In his last two HBO appearances, the man once thought by the network’s suits to be the savior of the heavyweight division, has been thoroughly knocked out by that murderer’s row of Corrie Sanders (a golfer just playing through) and Lamon Brewster.
How this qualifies Wladimir for another HBO date — on a network that last we looked didn’t have a slot for a rematch between Erik Morales and Manny Pacquiao — is simple: The suits can’t admit they were wrong.
Castillo, a little guy who can be somewhat awkward, doesn’t figure to scare Wladimir too much. There is a much better heavyweight fight April 23. You’ll have to pay for undefeated Calvin Brock finally moving up to the big boys and facing Jameel (Big Time) McCline.
But for your $30, you’ll get two title fights plus Sugar Shane Mosley’s return to the welterweight division against a live longshot in Angelo Dundee’s David Estrada. Atop the card from one of boxing’s great venues, Caesars Palace in Las Vegas, will be Antonio Margarito’s WBO welterweight title defense against undefeated bomber Kermit Cintron. Juan Diaz, the undefeated college student from Houston, will defend his WBA lightweight belt against Ebo Elder in what should be a cut-rate thriller for as long as it lasts.
More about these fights next week. Let’s concentrate on the April 23 heavyweights now. You shouldn’t want to bet on the HBO garbage from Dortmund, although without a rooting interest, you probably won’t want to "watch" it.
The younger Klitschko was briefly thought to be better than Vitali. He was smoother, less robotic, but there were a lot of opinions all along that Big Brother was better. First, the Soviet team chose Vitali to be its superheavyweight Olympic representative and it was only after Big Brother failed a steroid test and was ineligible for the 1996 Games that Wlad stepped in to win the gold. But even with the gold, Wlad was relegated to prelims when the brothers agreed to be promoted in Germany.
Finally, even Chris Byrd — who made Vitali quit and lost a lopsided decision to Wladimir — said Big Brother was better, hit harder and tougher to reach.
Wladimir’s last notable victory was over a frightened and tentative McCline, who is coming off a near-victory over Byrd. In the second round, the giant McCline dropped the IBF champion with a chopping right hand and almost had him out. By fight’s end, though, he was gasping for air.
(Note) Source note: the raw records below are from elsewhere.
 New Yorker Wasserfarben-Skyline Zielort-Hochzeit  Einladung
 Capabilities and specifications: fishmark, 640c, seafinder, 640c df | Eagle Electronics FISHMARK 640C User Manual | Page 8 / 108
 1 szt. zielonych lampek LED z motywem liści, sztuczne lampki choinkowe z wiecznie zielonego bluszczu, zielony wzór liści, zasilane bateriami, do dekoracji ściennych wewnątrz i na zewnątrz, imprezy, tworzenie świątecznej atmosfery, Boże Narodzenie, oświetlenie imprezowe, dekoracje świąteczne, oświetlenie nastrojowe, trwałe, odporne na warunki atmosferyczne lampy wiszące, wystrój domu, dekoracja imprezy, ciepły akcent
He’s dumped the guys who brought him this far this fast. He was once 3-2 and a sparring partner I once saw knocked out in the first round by Gary Bell, who bounced a horizontal McCline off the canvas back up to his shoulders. Johnny Bos, his former agent, took over and kept him from sparring for a year. Bos then put him on the Southern circuit for two years to build confidence.
But despite clever matchmaking, McCline’s chin has not really gotten better and Brock, if nothing else, can punch. He was listed last time I looked as a 7-5 choice against a better-known guy, who is well ahead of him in almost all the rankings.
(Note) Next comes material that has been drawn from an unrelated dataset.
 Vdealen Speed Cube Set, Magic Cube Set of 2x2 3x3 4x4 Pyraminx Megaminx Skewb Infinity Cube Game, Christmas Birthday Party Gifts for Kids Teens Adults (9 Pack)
I think the smart money is on Brock. He isn’t a lock. McCline can punch, too. But he’s had more problems with shorter guys like Brock than with giants. Don’t go crazy, but I think Brock is the logical choice. But you don’t have to bet on this fight to have action April 23.
And, watching it will give you another excuse not to look at the Wladimir Klitschko-Eliseo Castillo match.